Alors le système d’XP devient indirectement un indicateur du niveau du joueur (ou de l’écart de « skill » qu’il y a entre lui et ses adversaires, concernant la maîtrise de cette figurine).

Même si cela ne débloque aucun avantage pour le joueur, cela va modifier les comportements de jeu :
– Un joueur ne voudra pas perdre sa fig qui a de l’XP, il sera plus prudent avec elle, voulant atteindre un plus gros score.
– Une fig avec beaucoup d’XP a souvent un effet psychologique sur l’adversaire, qui va en avoir peur (malgré ses caracs qui ne bougent pas) ou en faire une cible prioritaire.

Un système d’expérience informative peu donc entraîner à lui seul un dynamisme dans les parties. Il faudra alors bien identifier les conditions de gain/perte d’XP les plus pertinentes.

Dans le second cas — celui de l’expérience effective — où l’XP est une ressource qui va débloquer caractéristiques/compétences/objets/etc., on fait immédiatement face au problème de la modification du principe d’équilibre (j’en parle après).
L’expérience effective est une mécanique de gameplay qui permet de faire intervenir l’évolution, voire la personnalisation ; deux aspects intéressants et qui ont leurs publics.
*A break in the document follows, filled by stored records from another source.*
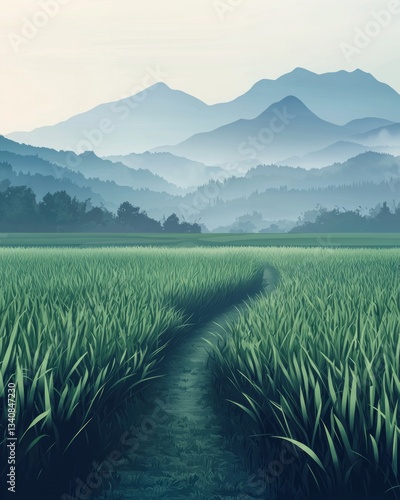 In the distance, there is an endless rice field with green paddy fields and mountains in the background, in digital art style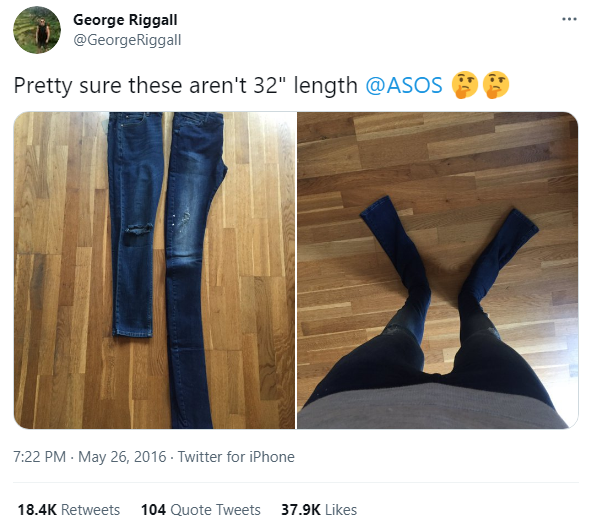 "Это не 32 дюйма": фото джинсов из интернет-магазина дало старт флешмобу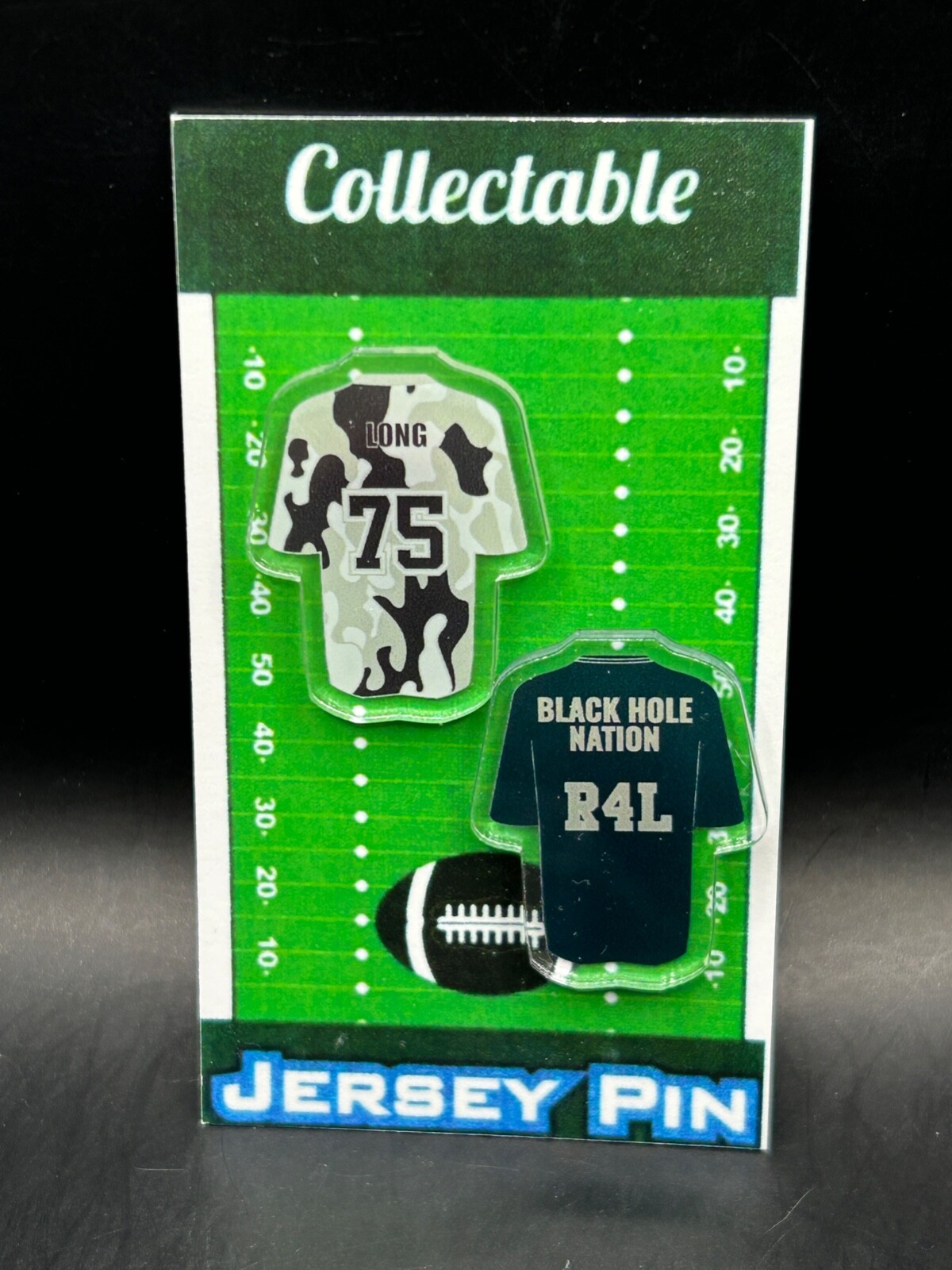 Las Vegas Raiders Howie Long R4L Jersey Lapel Pins Classic Collectibles Set of 2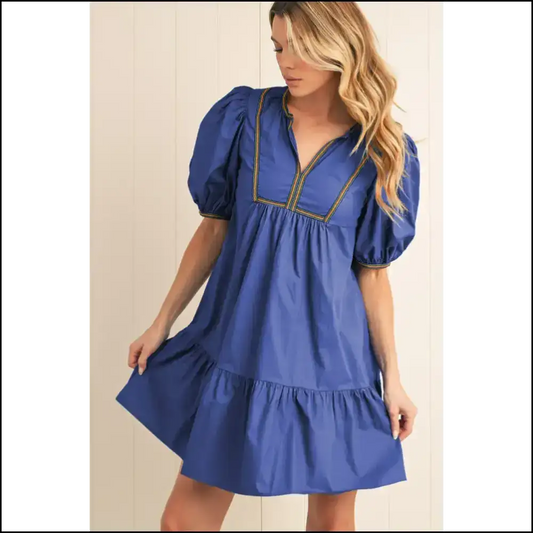 Bluing V-neck Pleated Mini Dress: Dress Like a Goddess! s - Short Dresses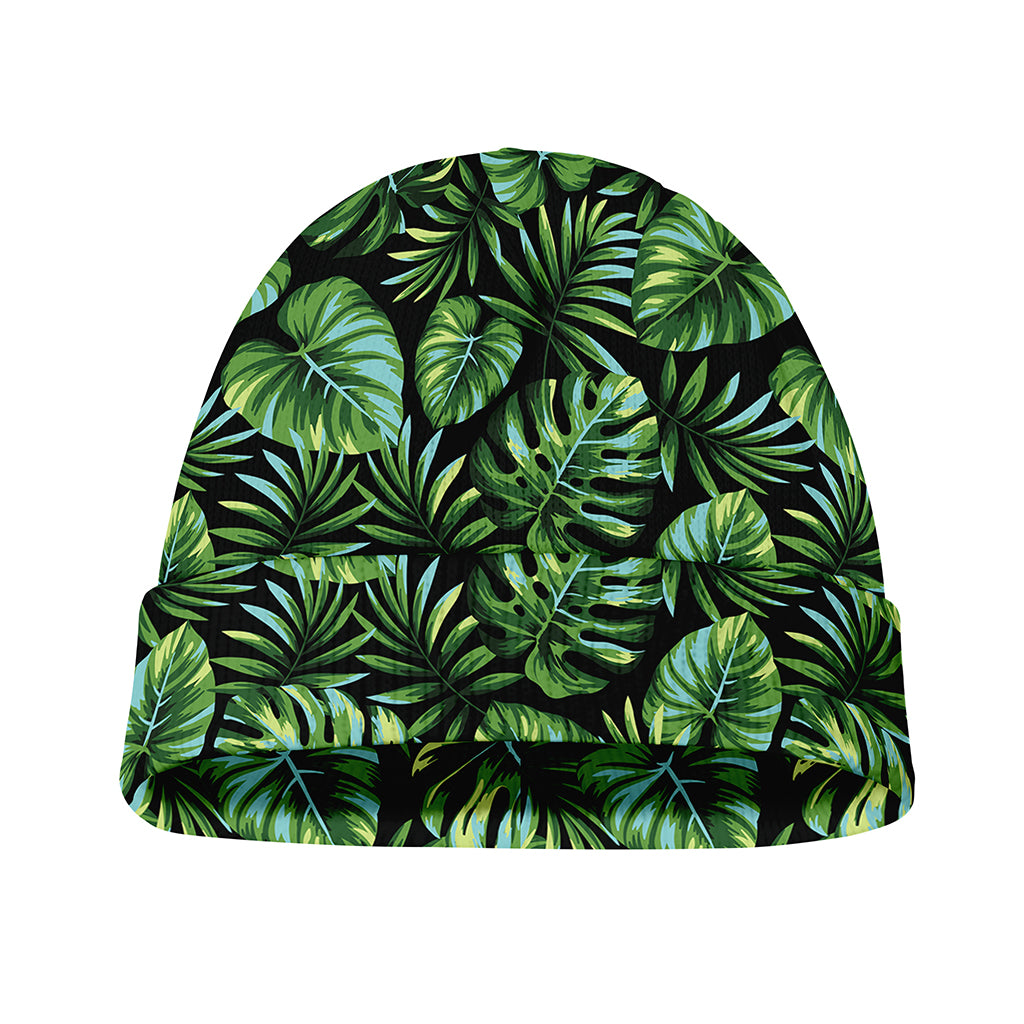 Tropical Monstera Leaves Pattern Print Beanie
LA FORME : Récompense Générale ou Exclusive ?

Il est très important de déterminer si l’expérience est générale ou exclusive, c’est-à-dire si le total d’expérience gagnée est commun à « l’équipe » ou si chaque figurine possède sa propre expérience.
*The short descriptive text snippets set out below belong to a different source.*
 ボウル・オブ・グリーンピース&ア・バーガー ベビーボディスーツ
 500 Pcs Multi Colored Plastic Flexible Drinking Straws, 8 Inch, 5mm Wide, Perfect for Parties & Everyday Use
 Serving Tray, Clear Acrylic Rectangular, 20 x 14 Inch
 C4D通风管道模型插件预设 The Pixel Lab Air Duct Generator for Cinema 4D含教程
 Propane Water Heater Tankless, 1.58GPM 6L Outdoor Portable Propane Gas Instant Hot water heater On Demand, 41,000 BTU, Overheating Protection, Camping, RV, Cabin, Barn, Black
En fonction du but choisi (le propos), on n’utilisera pas l’une des formes ou l’autre de manière équivalente, et dans n’importe quel but, chacune d’elle possède ses avantages et défauts qu’il faut identifier au cas par cas.

Dans un système d’expérience effective, si on admet que tous les X points d’XP la figurine gagne une amélioration :
– En prenant une forme exclusive, où chaque figurine ne gagne que sa propre XP, on se trouve dans une situation d’évolution : Plus la figurine est efficace, plus elle s’améliorera.
– En prenant une forme générale, où l’XP gagnée par chaque figurine rejoint un pool général et est ensuite répartie sur les figurines au choix du propriétaire, on se retrouve dans une situation de personnalisation : Plus une figurine est efficace, plus le joueur aura de choix d’améliorations pour son « équipe », débloquant par exemple l’amélioration suivante d’une fig qu’il n’arrive pas à jouer en l’état car la jugeant pas assez efficace.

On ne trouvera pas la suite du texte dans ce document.